Der Ernstfall tritt in Österreich niemals ein. Es tritt stets der Opernball ein. Drei Großereignisse spannen das Bedeutungsfirmament des Landes auf: Der Villacher Fasching, das Hahnenkammrennen und der Opernball. Der Villacher Fasching ist die Scham des Landes, das Hahnenkammrennen sein Kreuzband, der Opernball aber ist sein Herz. Kein Land hat ein Herz wie Österreich, denn kein Land hat den Opernball.
Ohne Scham lässt es sich leben, ohne Kreuzband ebenfalls, aber ohne Herz ist an ein Dasein nicht zu denken. Der Opernball ist die Standeskontrolle Österreichs, es ist der heimliche, ja unheimliche Grund für jegliche Ordensverleihung, können doch Orden ausschließlich auf dem Opernball getragen werden. Ausländische Potentaten haben das früh erkannt und bildwirksam zu nutzen verstanden. Inländische noch vor ihnen, jedenfalls erkennen wir den offiziellen Rang eines Österreichers an der Güte seines Frackes, an der Rotweißröte seiner Schärpe und an der Größe des Ordenssterns. Österreicherinnen von Rang erkennt man an der Frisur. Was bei den Herren der Frack ist, ist bei den Damen die Coiffure. Sie beschreibt die Möglichkeiten des Individuums hinreichend, wenn auch selten hinreißend.
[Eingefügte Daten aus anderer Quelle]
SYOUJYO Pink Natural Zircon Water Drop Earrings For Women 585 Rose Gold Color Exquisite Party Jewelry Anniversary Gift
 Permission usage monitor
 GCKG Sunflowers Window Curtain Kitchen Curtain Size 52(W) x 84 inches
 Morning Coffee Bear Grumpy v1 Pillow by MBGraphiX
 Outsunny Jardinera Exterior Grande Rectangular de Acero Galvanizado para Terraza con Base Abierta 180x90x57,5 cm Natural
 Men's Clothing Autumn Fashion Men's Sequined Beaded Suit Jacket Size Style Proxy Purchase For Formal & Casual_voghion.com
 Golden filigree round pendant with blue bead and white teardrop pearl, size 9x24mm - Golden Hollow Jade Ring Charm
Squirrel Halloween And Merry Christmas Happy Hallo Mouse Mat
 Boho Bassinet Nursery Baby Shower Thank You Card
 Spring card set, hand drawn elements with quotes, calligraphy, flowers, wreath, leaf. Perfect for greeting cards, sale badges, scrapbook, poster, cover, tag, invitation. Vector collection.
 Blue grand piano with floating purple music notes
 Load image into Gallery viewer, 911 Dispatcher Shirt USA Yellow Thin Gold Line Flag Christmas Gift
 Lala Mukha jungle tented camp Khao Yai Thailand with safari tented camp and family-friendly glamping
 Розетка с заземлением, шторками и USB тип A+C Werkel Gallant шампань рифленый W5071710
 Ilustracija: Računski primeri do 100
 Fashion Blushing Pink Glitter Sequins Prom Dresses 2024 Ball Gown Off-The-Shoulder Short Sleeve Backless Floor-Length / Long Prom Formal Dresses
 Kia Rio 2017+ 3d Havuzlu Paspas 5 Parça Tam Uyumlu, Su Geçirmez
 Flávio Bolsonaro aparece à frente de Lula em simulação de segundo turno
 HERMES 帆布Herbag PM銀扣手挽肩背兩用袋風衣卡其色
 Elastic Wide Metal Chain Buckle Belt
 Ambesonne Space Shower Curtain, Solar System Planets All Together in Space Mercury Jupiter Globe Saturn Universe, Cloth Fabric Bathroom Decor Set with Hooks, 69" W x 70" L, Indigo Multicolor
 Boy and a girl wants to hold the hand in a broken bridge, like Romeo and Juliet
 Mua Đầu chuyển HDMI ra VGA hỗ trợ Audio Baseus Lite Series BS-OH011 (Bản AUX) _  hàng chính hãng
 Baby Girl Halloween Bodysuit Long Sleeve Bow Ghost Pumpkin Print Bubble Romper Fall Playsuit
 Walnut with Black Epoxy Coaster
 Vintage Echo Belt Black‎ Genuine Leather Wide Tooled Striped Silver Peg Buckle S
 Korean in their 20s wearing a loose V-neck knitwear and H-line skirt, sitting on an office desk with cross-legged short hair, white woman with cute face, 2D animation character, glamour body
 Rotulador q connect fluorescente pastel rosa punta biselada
Man könnte einwenden, die höchste Form des Opernballbesuchs sei das Fernbleiben, wahre Eleganz zeige sich in der Reduktion. Das stimmt insoferne, als zum Opernball niemals jene antanzen, die wollen, und niemals jene die könnten, sondern ausschließlich jene, die dürfen, und jene, die müssen. Es gilt: Bella gerant alii, tu felix Austria salta! Kriege mögen andere führen, du, glückliches Österreich, tanze!